* Web page caption snippets *

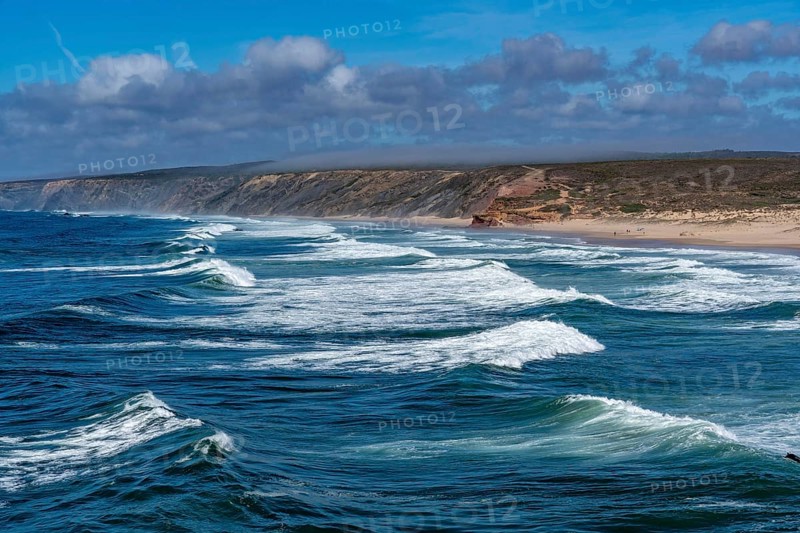 Praia da Bordeira beach, near Carrapateira, popular with surfers, wave riders, rocky coast, steep coast in the south-west of the Algarve, Portugal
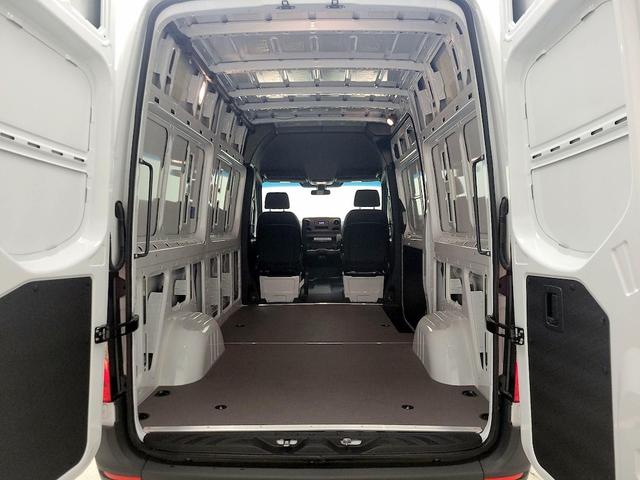 Photo of 2025 White Mercedes-Benz Sprinter 2500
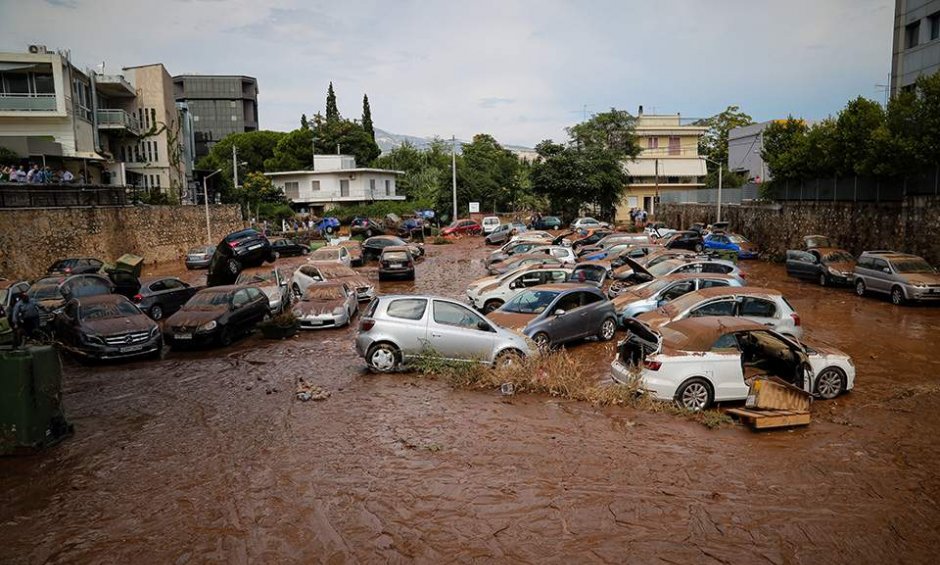 Î‘Ï€Î¿Î¶Î·Î¼Î¹ÏŽÎ½Î¿Î½Ï„Î±Î¹ Î¿Î¹ Î¶Î·Î¼Î¹Î­Ï‚ Ï„Ï‰Î½ Î±Ï…Ï„Î¿ÎºÎ¹Î½Î®Ï„Ï‰Î½ Ï€Î¿Ï… Î³Î¯Î½Î¿Î½Ï„Î±Î¹ Î¼Î­ÏƒÎ± ÏƒÎµ parking; Î•ÎºÏ€Î±Î¹Î´ÎµÏÎ¿Î½Ï„Î±Î¹ Î¿Î¹ Î±ÏƒÏ†Î±Î»Î¹ÏƒÏ„Î­Ï‚ Î³Î¹â€™ Î±Ï…Ï„ÏŒ;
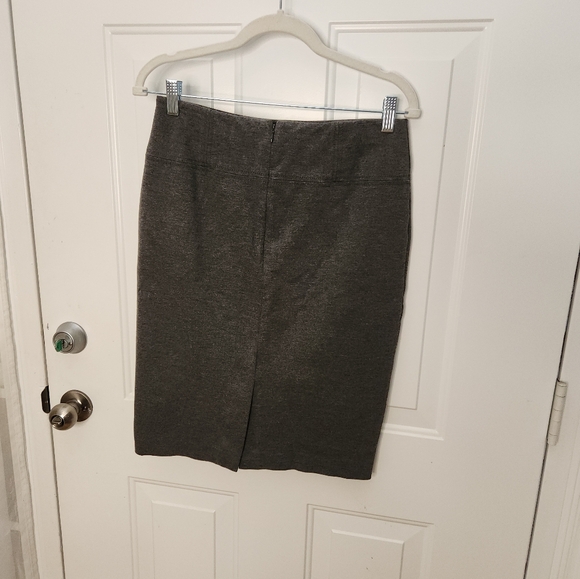 Ann Taylor Dark Gray Split Tail Skirt  Size 6 - Picture 4 of 5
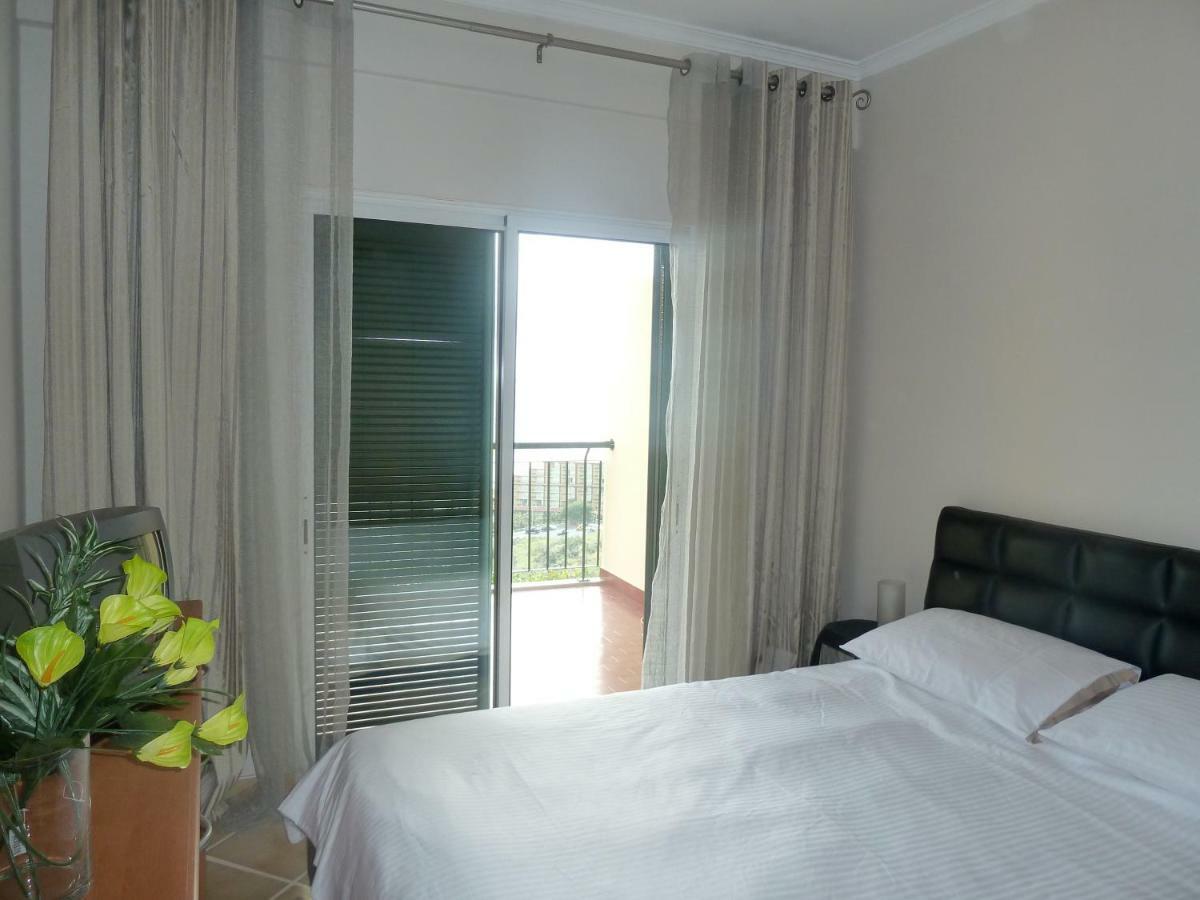 Oceanic Apartment Caniço Eksteriør bilde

* Work to be completed *
Hand back the data above exactly, with no images.

* Answer to this problem *
 Praia da Bordeira beach, near Carrapateira, popular with surfers, wave riders, rocky coast, steep coast in the south-west of the Algarve, Portugal
 Photo of 2025 White Mercedes-Benz Sprinter 2500
 Î‘Ï€Î¿Î¶Î·Î¼Î¹ÏŽÎ½Î¿Î½Ï„Î±Î¹ Î¿Î¹ Î¶Î·Î¼Î¹Î­Ï‚ Ï„Ï‰Î½ Î±Ï…Ï„Î¿ÎºÎ¹Î½Î®Ï„Ï‰Î½ Ï€Î¿Ï… Î³Î¯Î½Î¿Î½Ï„Î±Î¹ Î¼Î­ÏƒÎ± ÏƒÎµ parking; Î•ÎºÏ€Î±Î¹Î´ÎµÏÎ¿Î½Ï„Î±Î¹ Î¿Î¹ Î±ÏƒÏ†Î±Î»Î¹ÏƒÏ„Î­Ï‚ Î³Î¹â€™ Î±Ï…Ï„ÏŒ;
 Ann Taylor Dark Gray Split Tail Skirt  Size 6 - Picture 4 of 5
 Oceanic Apartment Caniço Eksteriør bilde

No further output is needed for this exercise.